Therapeutic meal support provides the benefit of supporting the patient in the moment by processing difficult thoughts and emotions that present during the meal. Recall does not always equate to the accurate intensity of the thoughts and emotions that a patient experiences and the ability to help them through those experiences in the precise moment of struggle provides a very powerful therapeutic experience that allows education and guidance on how to proceed through the struggle. There really is no other learning encounter that can match the power of being there with someone in their exact moment of struggle.

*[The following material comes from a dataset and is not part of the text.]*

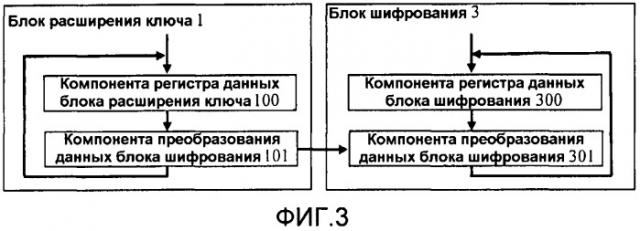 Устройство обработки шифрования на основе алгоритма пакетной шифровки (патент 2452112)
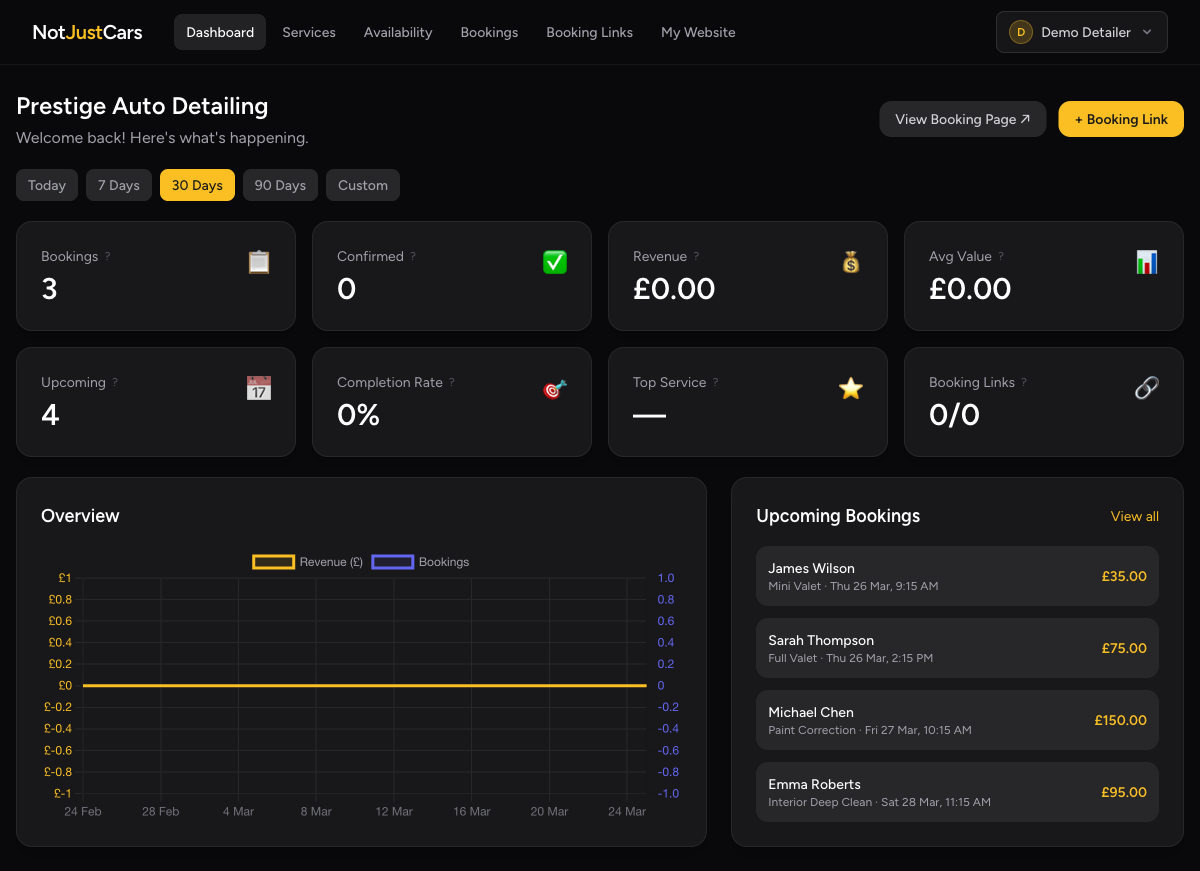 NotJustCars dashboard showing booking stats, revenue chart, and upcoming appointments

Imagine providing talk therapy with a patient on how to utilize coping skills when experiencing a panic attack, now imagine this very same patient, but showing them how to cope DURING a panic attack – which, would you say, has the therapeutic advantage? Now, of course, we cannot always plan to be there during a panic attack, but this is where eating disorder therapists have an advantage. We can promote an environment that is conducive to the creation of the anxiety through exposure, while in the midst of providing in-vivo behavioral therapy, utilization of coping skills, role modeling behavior, and values based motivations as a means to aide in decrease of eating disorder behaviors (real world practice conducted in a structured and supportive environment). As the work progresses, specific food related outings and challenges can be incorporated, and with this continued repetition and practice, it begins to extend to the patient’s outward individual environment, thus lessening the power of the eating disorder voice, symptoms, and behaviors.

Through my clinical experience, I have found that it is extremely rare for an outpatient therapist to include meal support within their realm of treatment practices. For me, I cannot imagine outpatient therapy services without it, and even further, I cannot imagine full and lasting recovery without the exposure to the very thing that is feared. If we are looking to help our patients gain freedom from their eating disorder and life lived in full recovery, therapeutic meal support has to be part of the equation.